Splunkbuilders Association: Making Splunk ES Into Your Dream Home

By |Published On: May 9th, 2016|

There are many ways to relate the process of building a new home to the engagement of the Enterprise Security (ES) application written for Splunk. For those interested in successfully utilizing ES for their environment, I hope to convey what I’ve learned while working through ES from the ground up and piece together some analogy-style reference points for working with this product in a ‘cozier’ way.

The Foundation.

It’s important to have a firm grasp on the foundation of your log environment to equip yourself for pouring strong walls, so-to-speak, to support your security visibility. Prior to installing ES, or any Splunk-written application, you have to understand your data. This is also significantly more important with ES, as it’s not built for a specific log, external product, or data type.

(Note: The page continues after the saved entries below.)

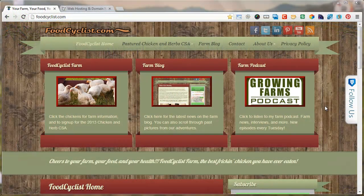Let's head over to my website, foodcyclist.com. Foodcyclist.com is my actual farm website. I have a farm in Connecticut and I raise chickens, and in the coming years I'll be raising a variety of pasture-raised animals. I also grow culinary herbs and vegetables. I have this website which serves as my farm website and the blog tracks what we're doing and what we're up to.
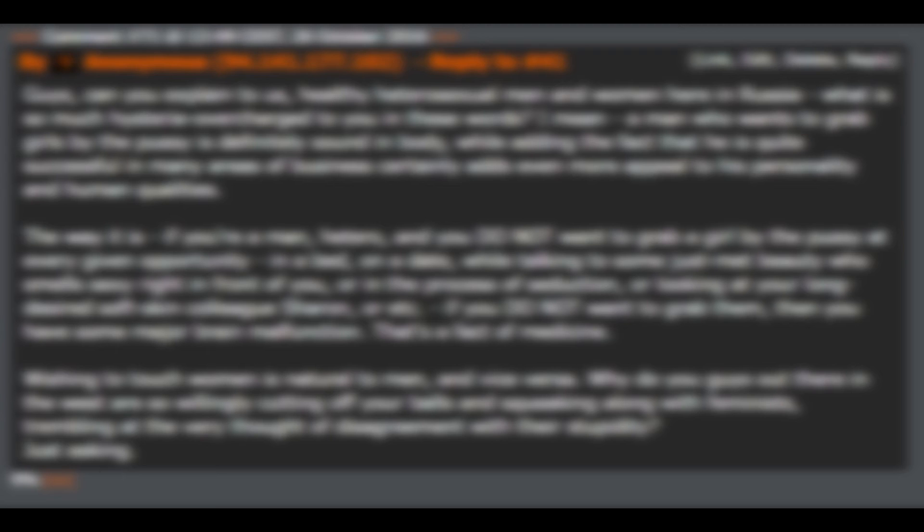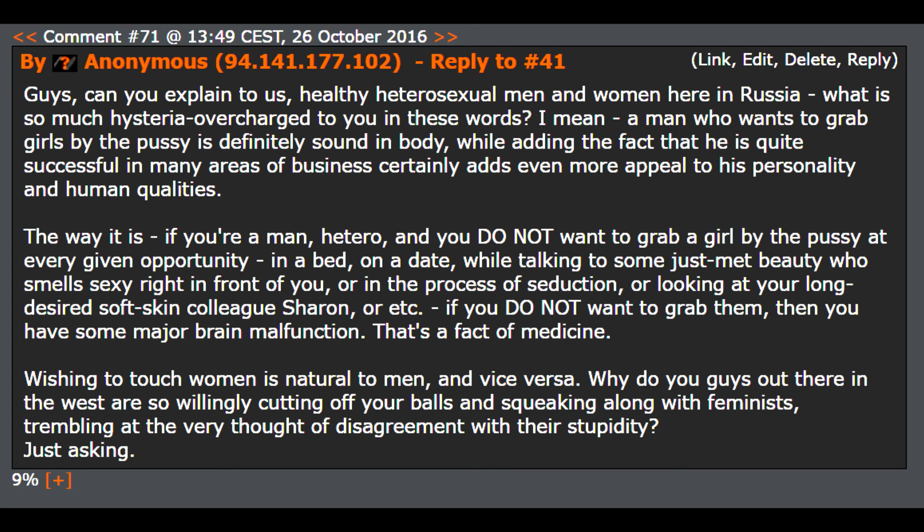Just asking. And that's all she wrote - maybe for the best before people get too inspired.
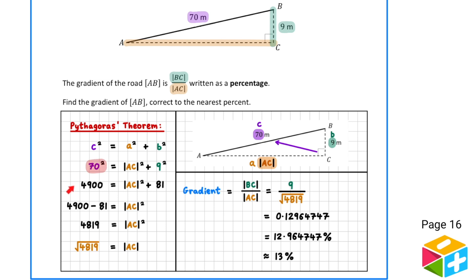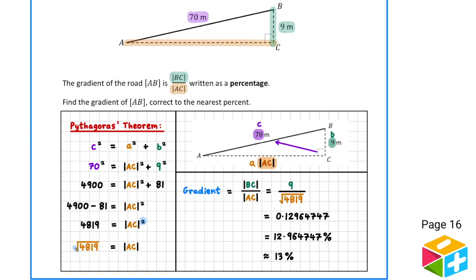Substituting into our theorem, we get 70 squared equals AC squared plus 9 squared. 70 squared is 4900 and 9 squared is 81. To isolate AC squared, we subtract 81 from both sides, giving 4819. Then, square rooting both sides tells us that the length of AC is equal to the root of 4819.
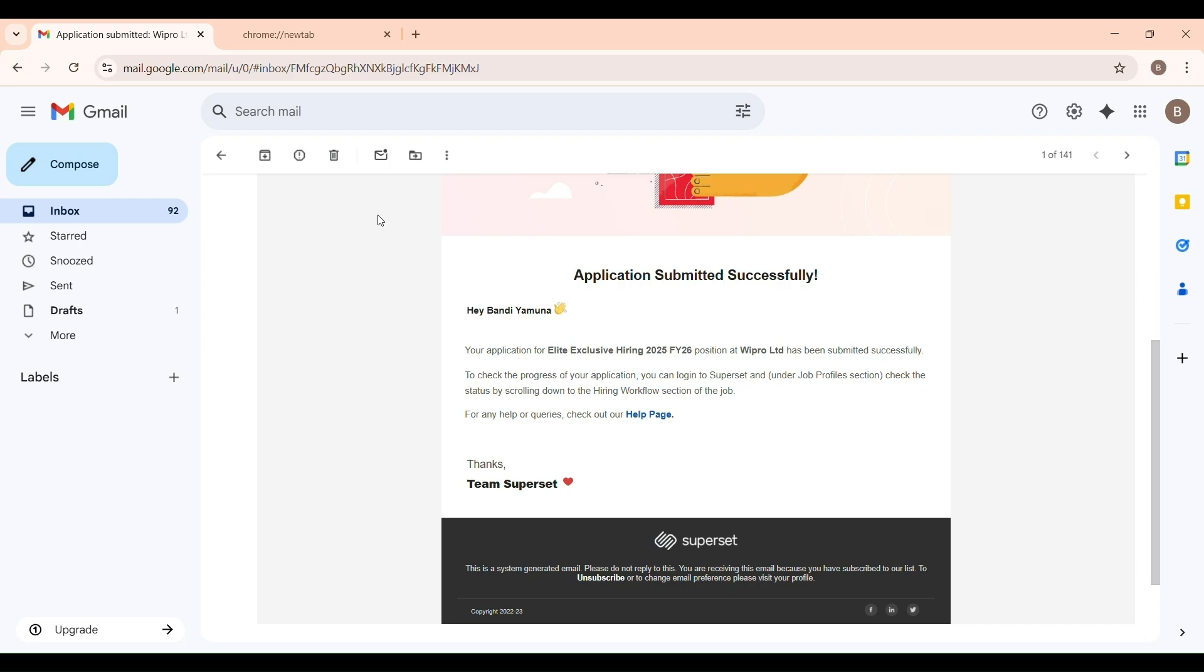Hi everyone, welcome back to StudyPlanet. In this video, I will show you the correct way to apply for the Wipro Elite Exclusive Hiring 2025 FY26 through the Superset platform.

This foundation is referred to as the Common Information Model (CIM), when discussed within Splunk and it’s documentation. The Common Information Model (CIM) is used to build field names that are commonly used within Splunk apps, but aren’t necessarily named as such by the vendors who have built add-ons for indexing and categorizing log data. With the CIM, you’ll have to consider every log type that gets sent into Splunk.

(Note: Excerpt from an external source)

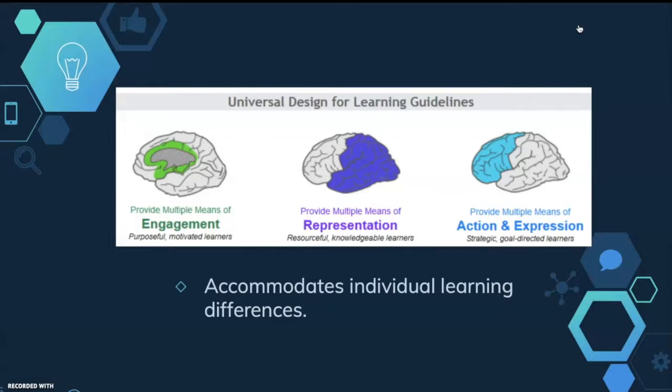Google Classroom allows you to include universal design into your projects by accommodating individual learning differences, by providing multiple means of engagement, representation, and action and expression to target multiple learning intelligence.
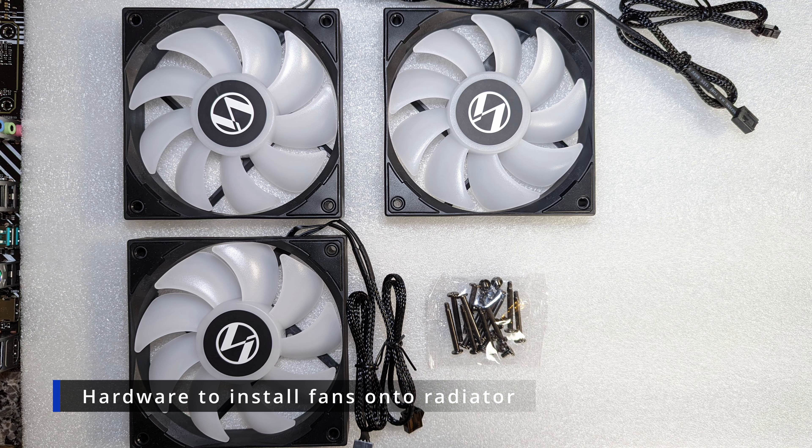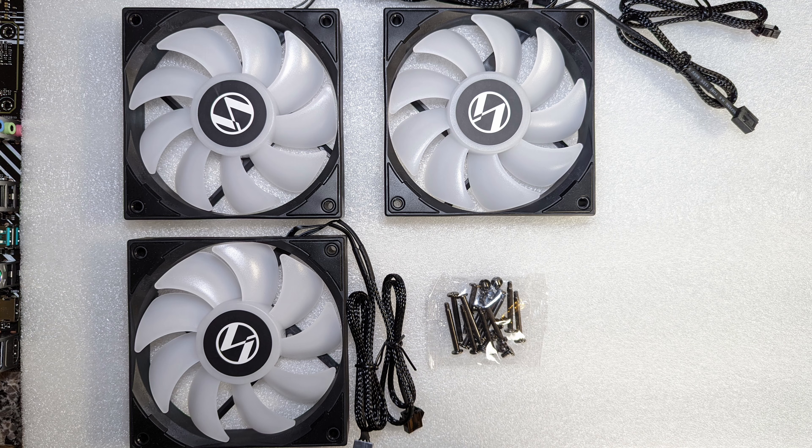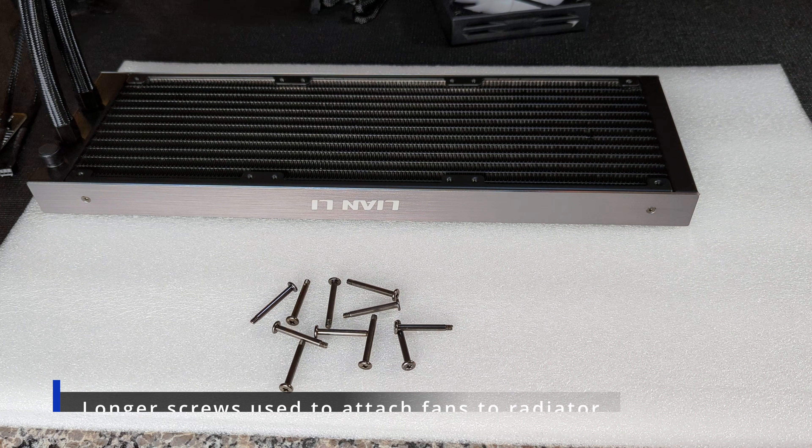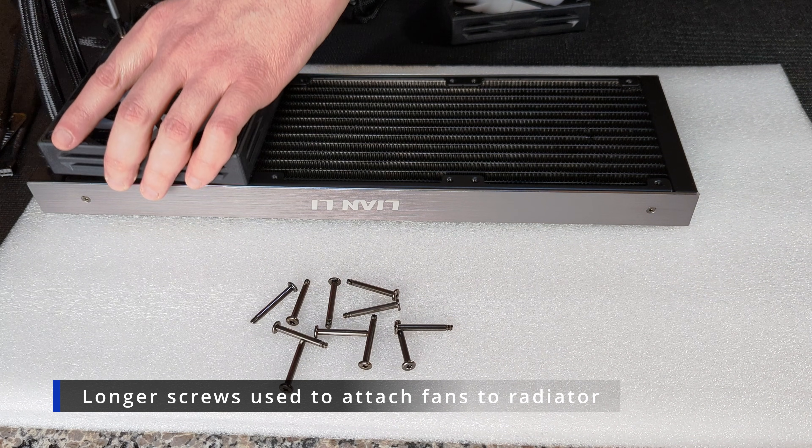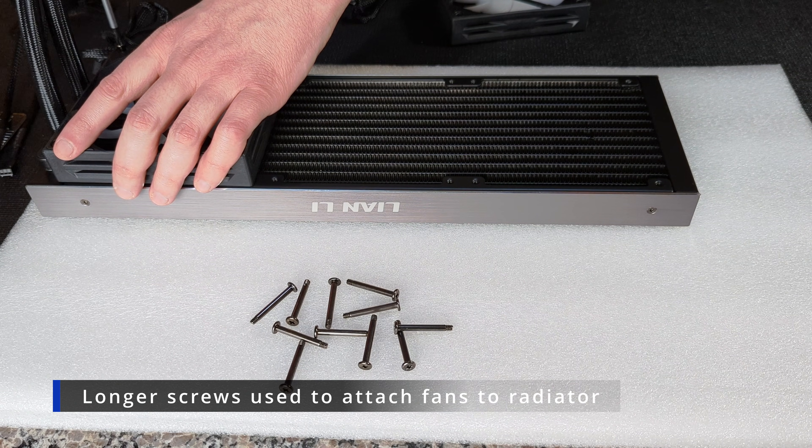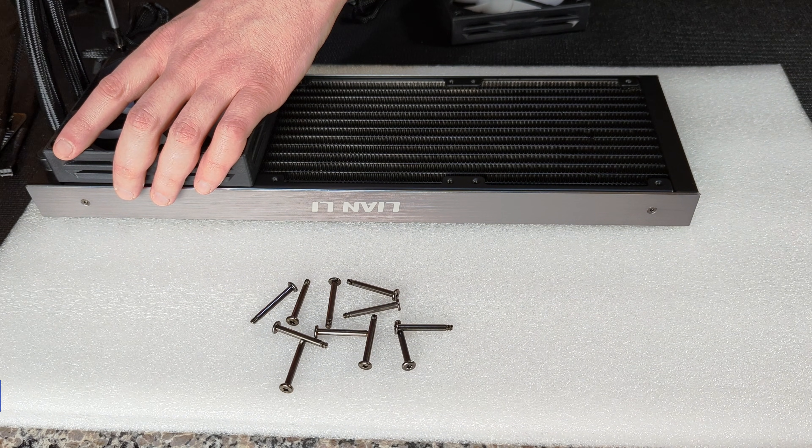Hey guys, welcome to the installation of your Lian Li Galahad AIO. First thing we're going to do is take these 12 long screws. We're going to use them to install your fans on your radiator.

With anything in information security, extreme attention to detail is important. This concept is not only important for Splunk in general, but is an essential requirement for moving forward with the “framework” of your new home on ES street.

The Framework.

In working with ES, I have discovered that the framework is the most eye-opening aspect when it comes to useful security intelligence. As noted before, the framework relies heavily upon Splunk’s CIM and, with that concept, it can be placed onto your splunked data set.

This framework within ES is listed as “data models”. Data models are just that, a search logic that surrounds big picture ideas. An example model is “Malware”. With this data model, you can simply start a search across all data considered “malware” or an “attack”. I list those in quotes, as they are what’s called a data tag within splunk.

Tags help the data models identify what log source it will reference when specified in a search. To the point, if you wanted to research “malware” events in your environment, you can simply search, “index=* tag=malware”. This is one of my favorite methods of real-time “give me the raw logs” security analysis. Now, ES will not know where to put it in this upfront profiling for data modeling, so you will have to put in the upfront work for each data model and all of your indexed data.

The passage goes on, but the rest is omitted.